Antimóvil (1966).ampliar foto
Antimóvil (1966).
Sus hombres-casa son figuras metonímicas que llevan dentro poemas visuales sobre dramas terroríficos en los que se intuye la aceptación, pero también la esperanza. Algunos están en llamas, otros decorados con puertas que se abren y se cierran, cristales de colores y espejos. Sus máquinas enfadadas, hechas con maderas desbastadas, ensambladas y policromadas, son paradojas visuales fuera de quicio y rodeadas, como tiburones hambrientos, por los temas del arte de todos los tiempos: el suicidio, el infortunio, las profundidades inexplicables de la psique, los dioses de la guerra, la dignidad. Un ancla de madera que se derrite, una máquina del millón, gasolineras, marcas de refresco y otros elementos de lo vernacular le sirven para hacer una reflexión sobre la vida cotidiana de su país.

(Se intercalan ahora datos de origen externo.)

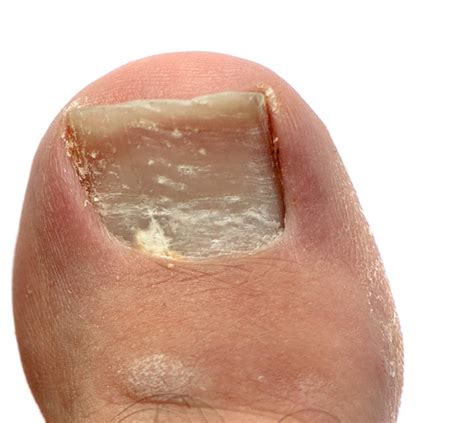 White Spots On Toenails After Pedicure Nail Ftempo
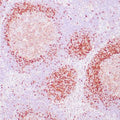 Anti-TCL-1 antibody (2-109aa) [ZM92] (STJ180328) – Figure 1 of 1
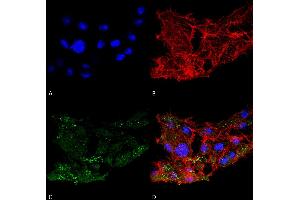 Immunocytochemistry/Immunofluorescence analysis using Rabbit Anti-ATG7 Polyclonal Antibody . (ATG7 antibody  (N-Term) (Biotin))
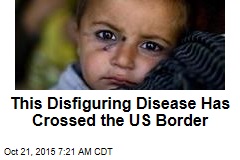 This Disfiguring Disease Has Crossed the US Border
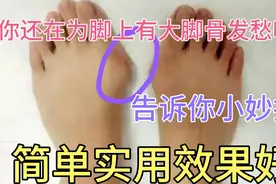 你还在为脚上大拐骨发愁吗？分享一个小妙招，作用太大了！视频封面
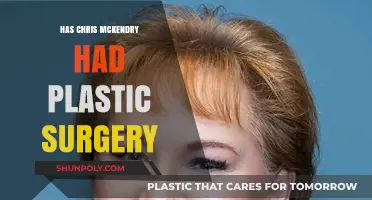 Chris McKendry's Appearance: Plastic Surgery Speculations and Facts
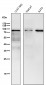 Anti-BDKRB2 Monoclonal Antibody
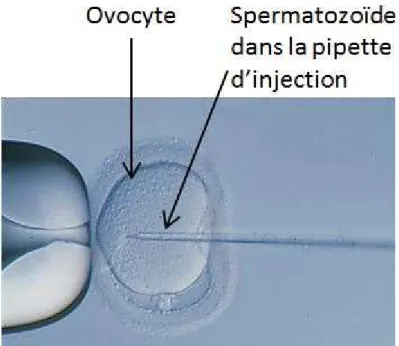 Figure 12 : Injection directe du spermatozoïde dans l’ovocyte par la technique  d’injection intra-cytoplasmique (ICSI) 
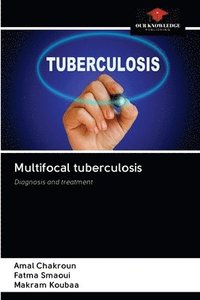 bokomslag Multifocal tuberculosis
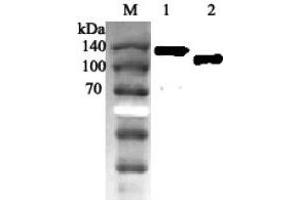 Western blot analysis using anti-ACE2 (human), pAb  at 1:2'000 dilution. (ACE2 antibody)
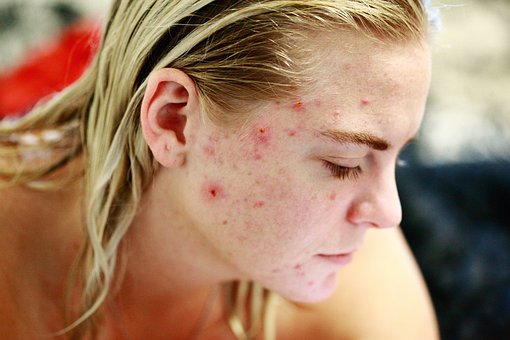 Know all about the different types of Acne out there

La obra de Westermann tuvo una resonancia intermitente. Se le reconoció en vida, en una muestra individual en Los Angeles County Museum of Art; también en el Art Institute de Chicago, donde se había formado como artista a principios de los cincuenta gracias a una beca para veteranos de guerra. A falta de un reconocimiento mayor, ideó su propio mausoleo, que tituló Un pedazo del museo de sueños destrozados (1965), una talla en madera donde algo que parece un embutido descansa en equilibrio inestable sobre un pedestal colocado a su vez encima de una plancha de ébano con unas cuñas negras que sugiere un mar infestado de tiburones. La fortaleza del museo está asegurada, aunque ese apoyo sea deficiente para defender al marinero que persevera en la idea de volver a casa.
Volver a casa. H. C. Westermann. Museo Reina Sofía. Madrid. Hasta el 6 de mayo.